Соседний пример бескорыстия и подвига – женский Пахомиев Троицкий монастырь. Он расположен в живописном месте неподалёку от Нерехты, на холме. Основал его в XIV веке подвижник Пахомий, и жил монастырь до восемнадцатого века, когда при благочестивой государыне Екатерине был закрыт и обращён в приходскую церковь. Что делала с ним советская власть, я даже не берусь сказать; во всяком случае, фотографии того времени впечатляют: это развалины, как после бомбёжки. В девяностых годах на руины пришли монахини, несколько женщин во главе с игуменьей Алексией. Восстановили храм, колокольню, построили дом для келий, завели хозяйство: поля под посевы, покос, скотный двор. Женщины. Своим трудом. Конечно, с помощью добрых людей, но с помощью бескорыстной, потому что денег расположенному на отшибе, в стороне от торных путей и московских богатств, монастырю взять просто негде. Сейчас здесь два десятка монахинь, половина из них совсем молодые, девчушки. Работают: в поле, в коровнике, в швейной и иконописной мастерской; тем и кормятся. Самое замечательное – это человеческие отношения в этих стенах. Никакой напряжённости, мрака и зависти, свойственной монастырям и женским коллективам. Здесь – семья. И молодые монахини называют матушку игуменью просто мамой. Образ монастыря – их открытые глаза и улыбка.
Сама матушка игуменья – человек, располагающий к себе.

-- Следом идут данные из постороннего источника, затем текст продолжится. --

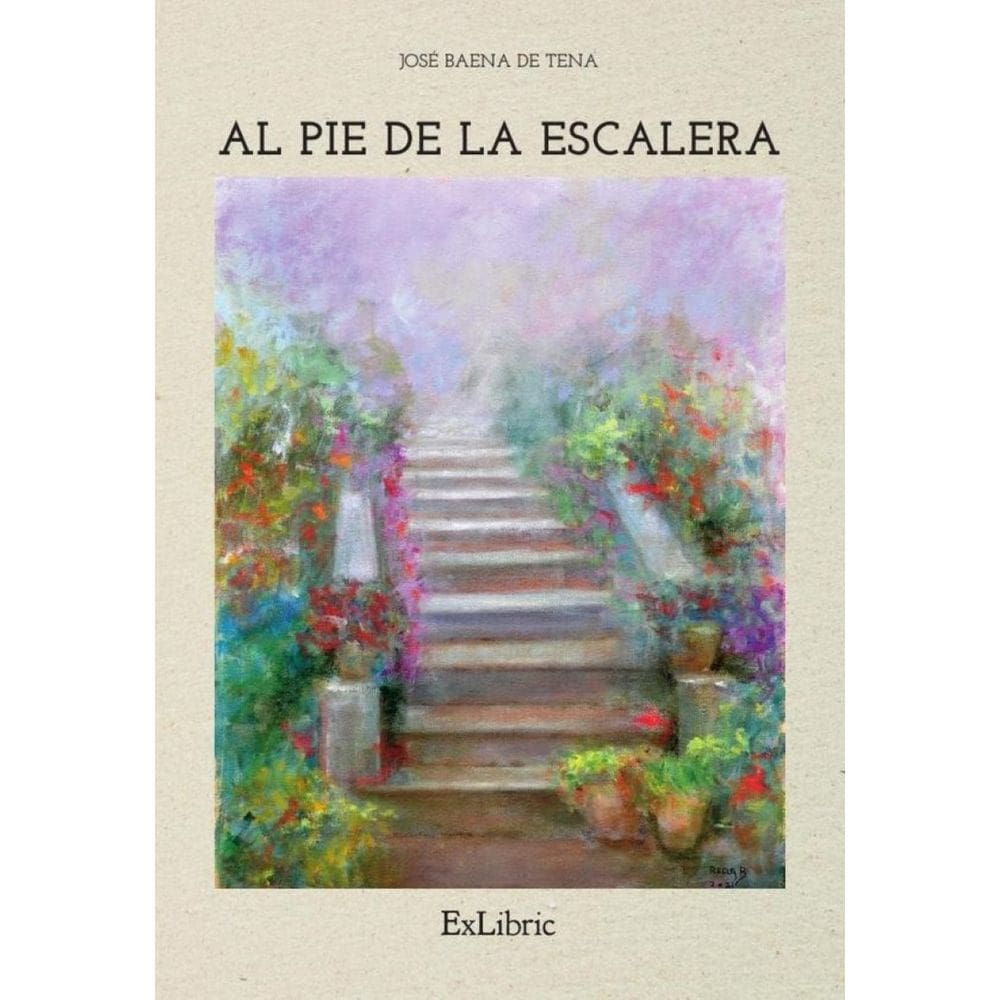 Al pie de la escalera - Espanhol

Лет пятидесяти, светлоглазая, с неброскими чертами лица. Простая, хотя и не без образования, доброжелательная; конечно – начальница, конечно, властная; осторожная и рачительная хозяйка; при том в ней светится простодушие, которое хочется назвать простодушием святости – или гения. С этим светом в глазах она рассказывала, как в один из первых, самых трудных для монастырского хозяйства годов помог им преподобный Пахомий: в одну ночь перенёс с соседнего поля на монастырский двор стог сена. Наверно, каждого человека можно в главном его качестве охарактеризовать одним словом. Об игуменье Алексии главное слово вот: чистый она человек.
Потому, наверно, и небо так чисто и прозрачно над холмом Пахомиева монастыря. И такая чистая и светлая даль открывается с его колокольни, на которую мы поднялись вместе с монахиней Машей, звонаркой. И она звонила в колокола чистым и ясным звоном, сидя на высокой табуретке, руками заговаривая с теноровыми колокольцами, стопами приводя в движение мощные бронзовые басы, в чёрной своей одежде как светлая птица, летящая в солнечный рай.
Я вспоминаю об этом не ради умиления. Здесь, в глубине России, ясно видно, как правильно организует Церковь вокруг себя жизнь и само пространство. Она направляет людей. Она хозяйствует, поднимая разорённую землю; и монастырские хозяйства, основанные на праведном и бескорыстном труде, – самые образцовые в округе. И, что всего важнее: она делает осмысленным само человеческое существование на этой земле.
Может быть, ещё отчётливее, чем в Нерехте, ощущается это в удалённой на полтораста километров от Волги Чухломе. В конце концов, Нерехта – не такая уж глухомань. Она стоит при железной дороге, и до областной Костромы от неё всего час езды на автобусе. Другое дело – Чухлома. Единственная автодорога связывает её с железнодорожной станцией Галич. Тихий городишко стоит на берегу живописного Чухломского озера, и жизнь его мало чем отличается от жизни окрестных деревень. Разве что есть административные здания и ресторан.
На противоположном от города берегу Чухломского озера стоит Покровский Аврамиев мужской монастырь. Он виден издалека: его высокая колокольня, как дирижёрская палочка, управляет всем пейзажем озера. Судьба его при советской власти – та же, что и у других монастырей: он был разрушен. Те строения, которые ещё не восстановлены, выглядят как развалины Сталинграда: заросшие травой куски стен. Монахи начали тут всё с нуля; восстановили старую церковь и огромный девятнадцатого века собор над мощами преподобного Аврамия. Построили братский и гостиничный корпуса с церковью. Обзавелись хозяйством: полями, скотом, гаражом, тракторами. Опять же, всё своим трудом; на помощь паломников особенно рассчитывать не приходится, потому что до чухломской глуши редко какой паломник доберётся. В монастыре сразу бросается в глаза особенность: редко увидишь монаха в рясе, разве что во время службы, а так всё в рабочей одежде, в спецовках – все работают. И сам настоятель встретил нас в спецовке, так что я в нём не сразу распознал настоятеля.